Resource assessment is important on
a global scale, or down to a country. Prospect Appraisal in the
context of oil and gas exploration is the process of assigning a
qualitative, or quantitative value to objectives that range down from
an entire basin, via concession, group of prospects, individual
prospect to a faultblock. This process is multidisciplinary because
it involves many branches of geology, geophysics, etc. making a team
effort essential.
Different scopes of estimation and evaluation will require also different methodology.

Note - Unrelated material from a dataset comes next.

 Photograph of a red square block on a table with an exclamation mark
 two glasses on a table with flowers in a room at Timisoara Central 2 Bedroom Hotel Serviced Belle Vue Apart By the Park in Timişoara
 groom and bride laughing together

For prospect appraisal, a set of usually
incomplete data from various disciplines have to be discussed by a
team of specialists to come to an evaluation of the investment
opportunity. This results is a mixture of subjective estimates, based
on specialist experience as well as statistical data and methods. In
a formal appraisal a "model" has to be used, which
is a conceptual description of the geological situation, say, a
"petroleum system".
The description of the
petroleum system used by the industry comes in various grades of
sophistication. The simpler the system, the more one relies on
subjective estimates of the "ingredients", i.e. input
variables. The more complex models attempt to describe in detail, and
quantitatively, the workings of the petroleum system. In such case it
becomes possible to reduce the subjective element by a combination of
experience databases and statistics.
Some methods serve to produce
an estimate of hydrocarbons in place, without any consideration of
producebility and economic value, leaving that to other evaluation
teams. The type of output of appraisal is typically quite different for a country
government or an E&P company.
Resource assessments require usually the summation of smaller assessments. For a country one might sum the results of evaluations of basins, provinces or prospects, possibly in a hierarchic scheme. Other methods are direct extrapolations of historical exploration results or use multivariate analysis of large entities such as basins or plays.

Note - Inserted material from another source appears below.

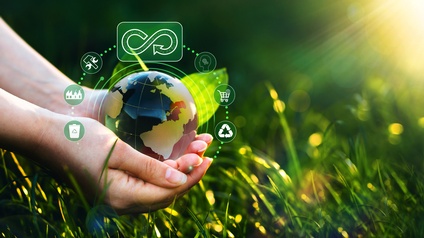 Hand hält eine virtuelle Weltkugel, die für Nachhaltigkeit und Kreislaufwirtschaft steht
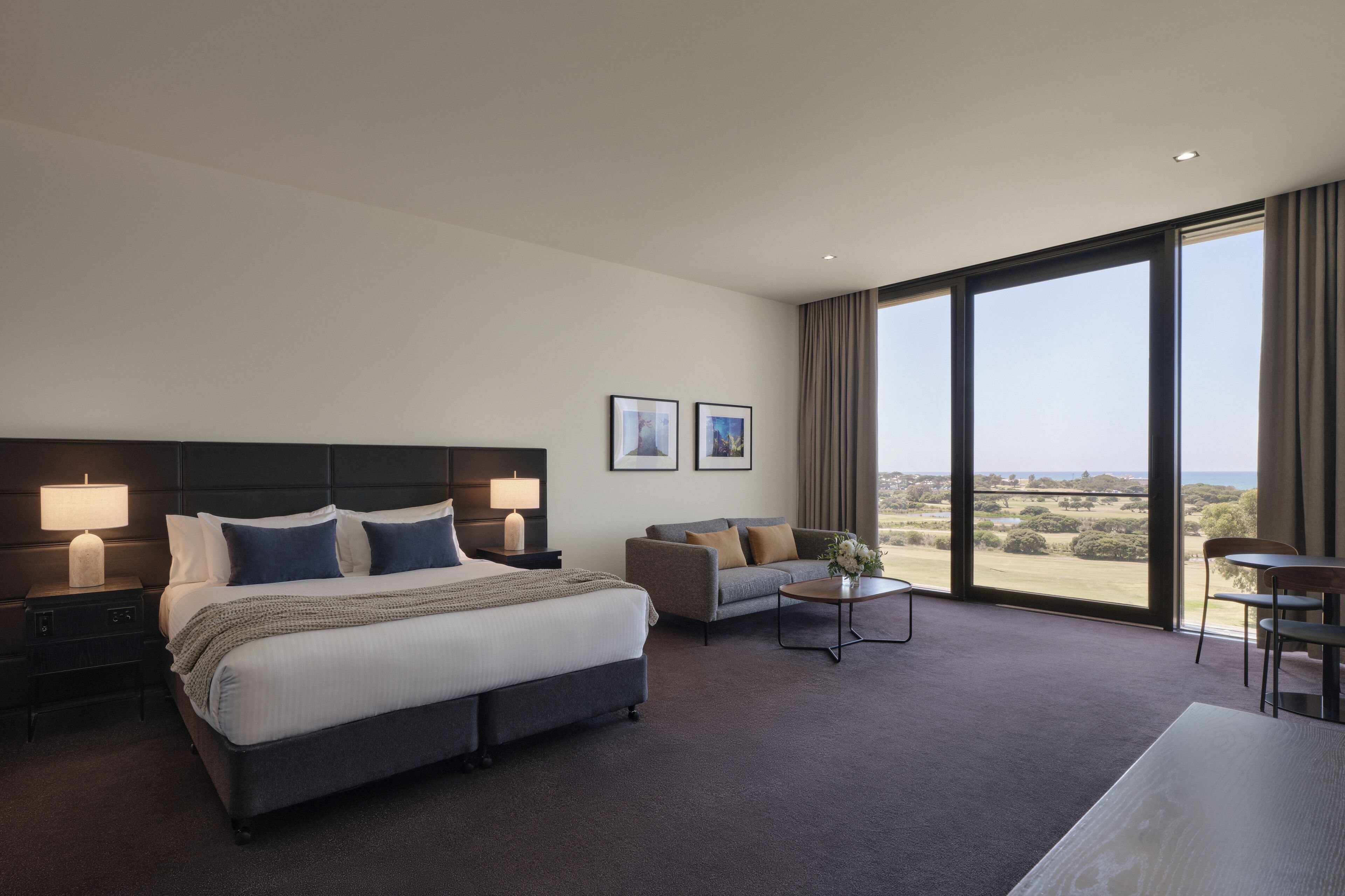 Une chambre d’hôtel moderne dotée d’un grand lit, d’un canapé, d’une petite table et offrant une vue sur la campagne.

The terminology with regard to reserves and resources has evolved from the early attempts to get an agreed definition at the WPC 1979 to the the following scheme in 2007 (netherlands.spe.org):
Since then the SPE revised the "Guidelines for the Application of the Petroleum Management System" again in 2011. The over 200 pages are a very useful introduction for production as well as for exploration resource/reserve definitions.
This site is mainly concerned with "Conventional Oil and Gas", where accumulations are reasonably limited by structural or stratigraphic elements and the result of migration from source rock to trap. However, during the last decades, the importance of "non-conventional deposits", although well known, became clear. Now we distinguish conventional and "continuous" resources. The methods of estimating are different as well (Schmoker,2005). Examples of continuous resources are the Athabasca and Orinoco oil/bitumen sands, the Bakken source rock, Marcellus shale, Methane hydrates, etc.
In the Soviet Union and the later Russian Federation the resource classification was quit different from the international standards. It was not easy to equate their terms with the SPE definitions. However, a new classification is suggested there, or already implemented. See RF classification. It corresponds nicely with the SPE.